- **Task objective**: Once the pictures are set aside, transcribe the remaining data exactly.

- **Dataset content**:
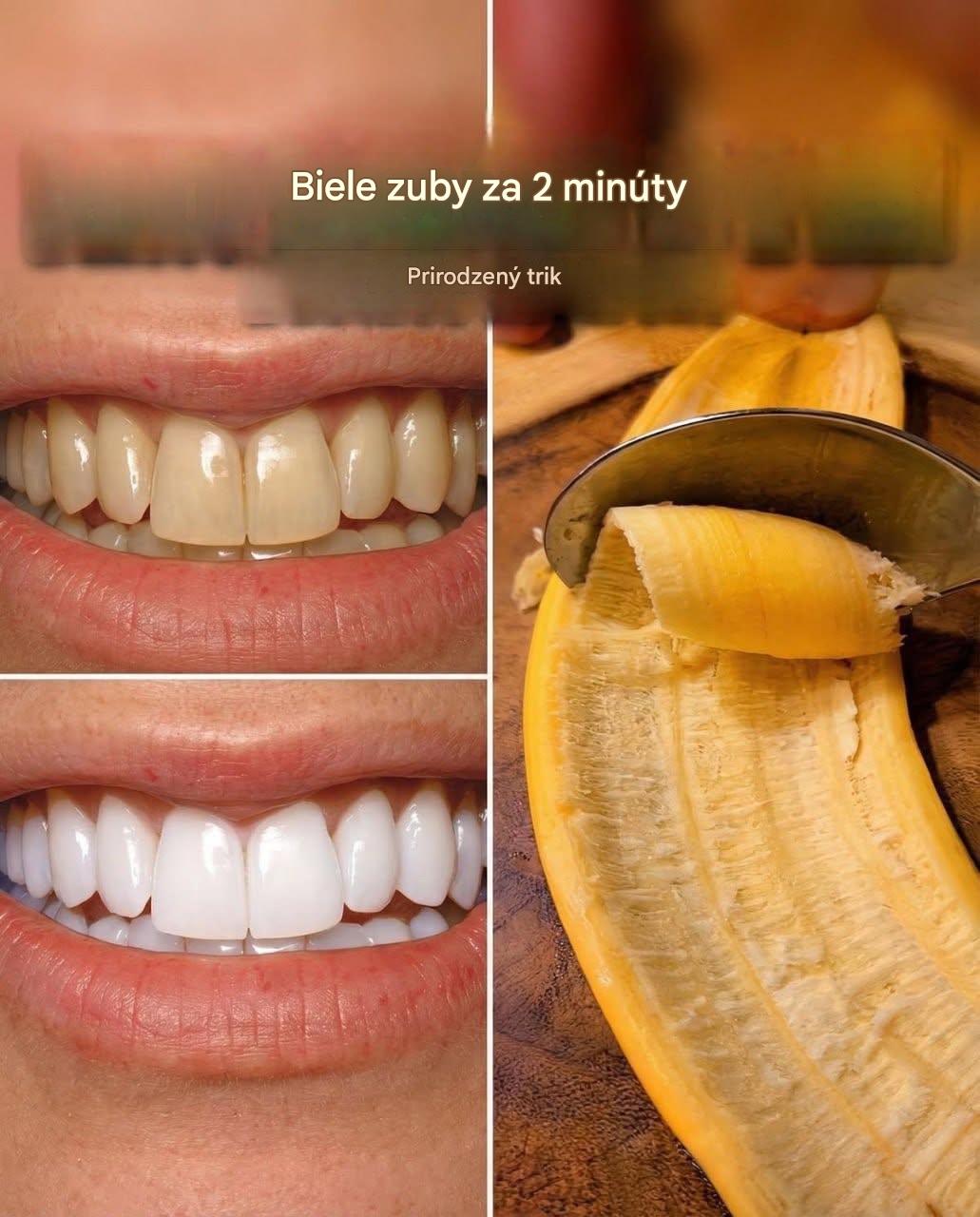 Tajní zubári, s ktorými sa nechcete stretnúť: Odstráni zubný kameň a vybieli zuby iba za 2 minúty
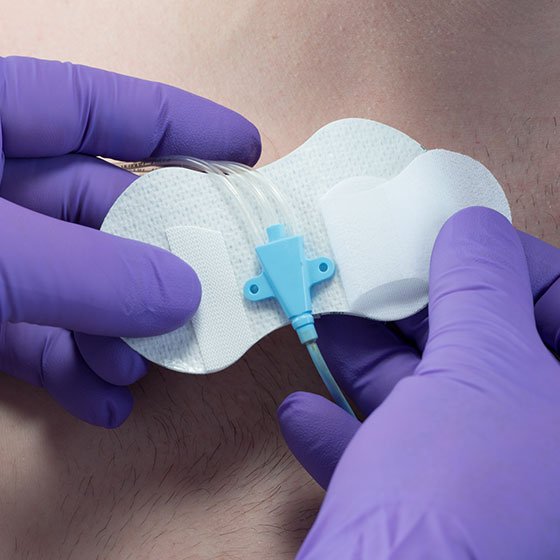 Catheter / Line Securement Device Grip-Lok®
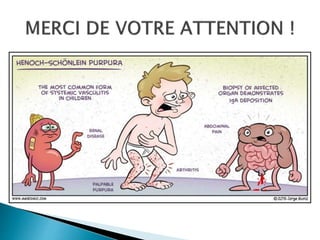 Purpura d'henoch schoenlein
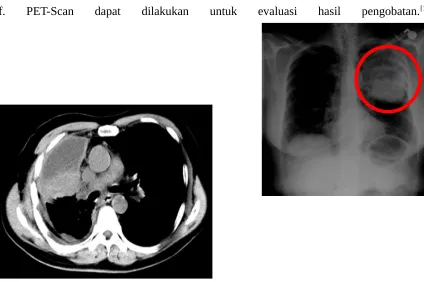 Gambar 2.4 Gambaran CT-Thorax dan Rontgen Thorax (google.com)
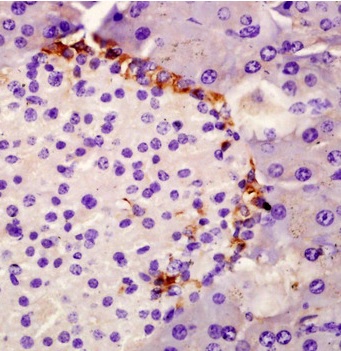 Immunohistochemistry (Formalin/PFA-fixed paraffin-embedded sections) - Anti-SPINK1/P12 antibody (AB203579)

- **Reply**:
 Tajní zubári, s ktorými sa nechcete stretnúť: Odstráni zubný kameň a vybieli zuby iba za 2 minúty
 Catheter / Line Securement Device Grip-Lok®
 Purpura d'henoch schoenlein
 Gambar 2.4 Gambaran CT-Thorax dan Rontgen Thorax (google.com)
 Immunohistochemistry (Formalin/PFA-fixed paraffin-embedded sections) - Anti-SPINK1/P12 antibody (AB203579)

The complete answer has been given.